▸ TASK DESCRIPTION: All lines below between the line with "Oprol heat press" and the line with "Boom Beach Gunboat", including both, must be copied exactly, and the pictures must be omitted.

▸ TASK MATERIAL:
....................
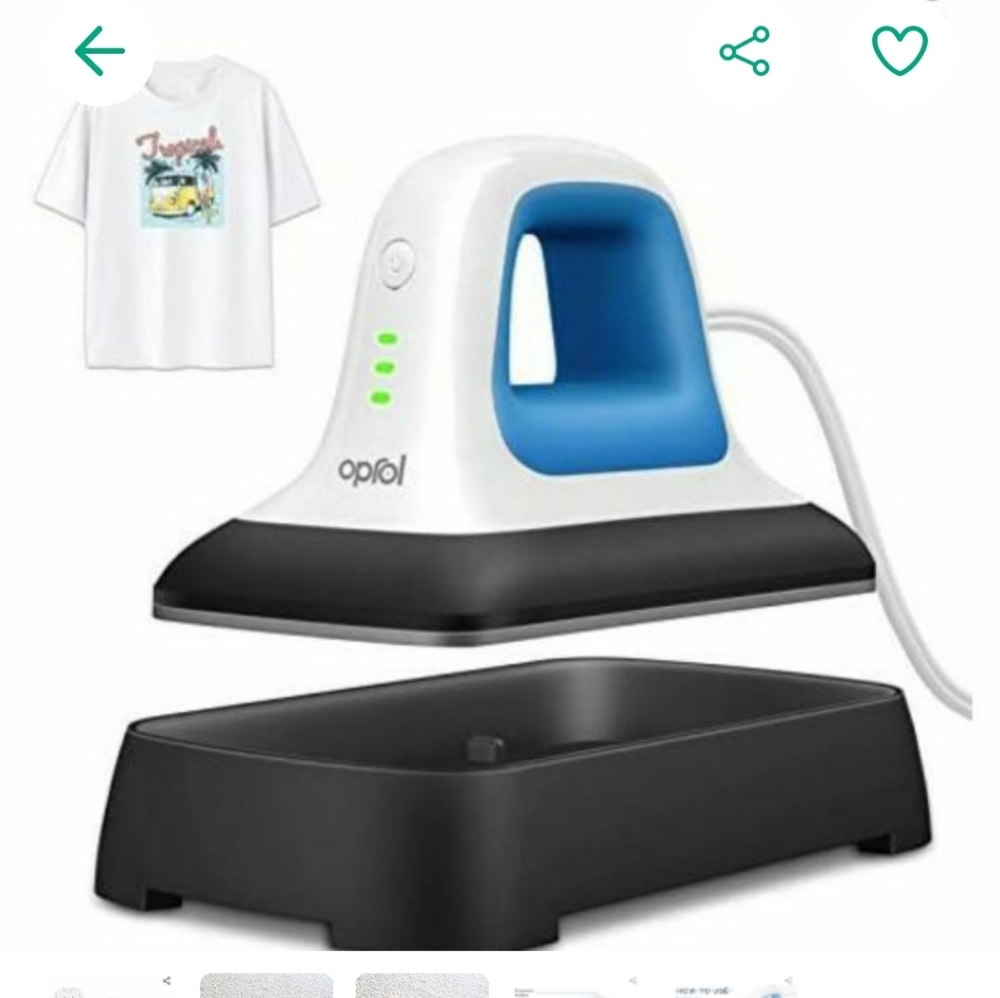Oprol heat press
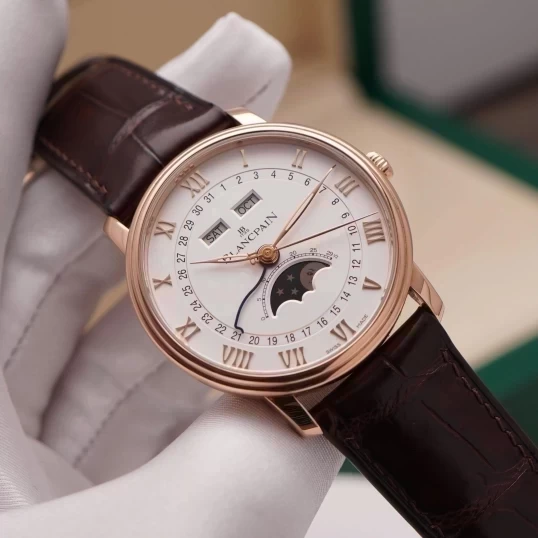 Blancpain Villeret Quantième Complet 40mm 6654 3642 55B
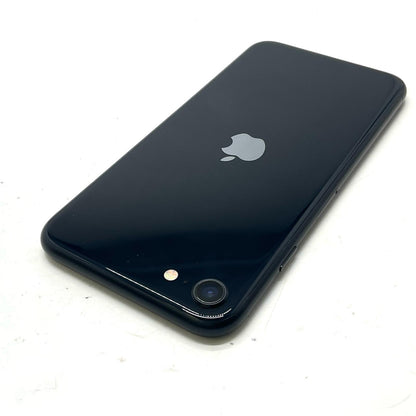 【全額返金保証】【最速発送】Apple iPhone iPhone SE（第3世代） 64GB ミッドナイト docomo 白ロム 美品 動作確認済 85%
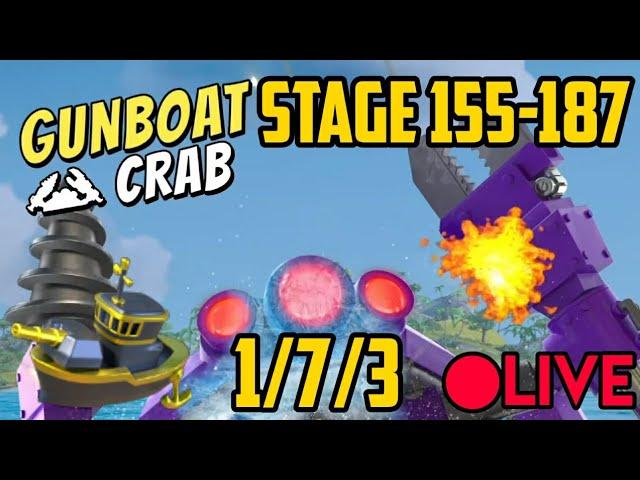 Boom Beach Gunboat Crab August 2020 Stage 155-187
....................
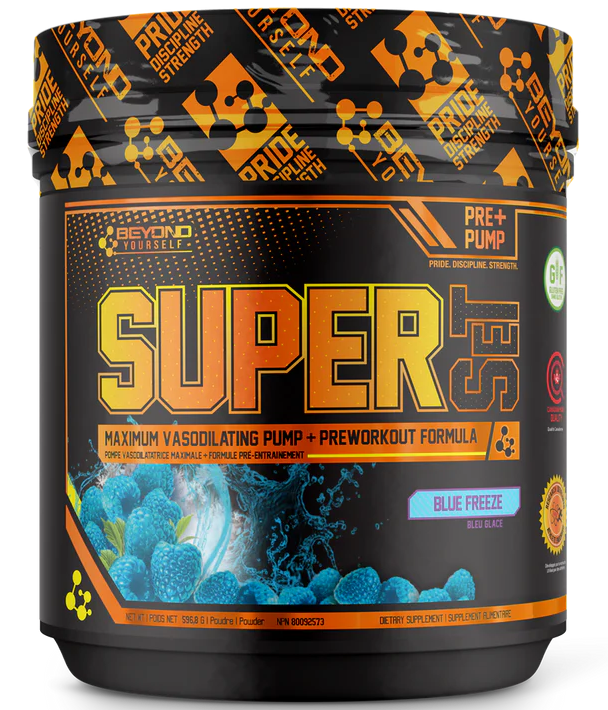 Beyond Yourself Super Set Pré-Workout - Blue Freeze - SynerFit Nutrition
....................
▸ RESPONSE:
Oprol heat press
 Blancpain Villeret Quantième Complet 40mm 6654 3642 55B
 【全額返金保証】【最速発送】Apple iPhone iPhone SE（第3世代） 64GB ミッドナイト docomo 白ロム 美品 動作確認済 85%
 Boom Beach Gunboat Crab August 2020 Stage 155-187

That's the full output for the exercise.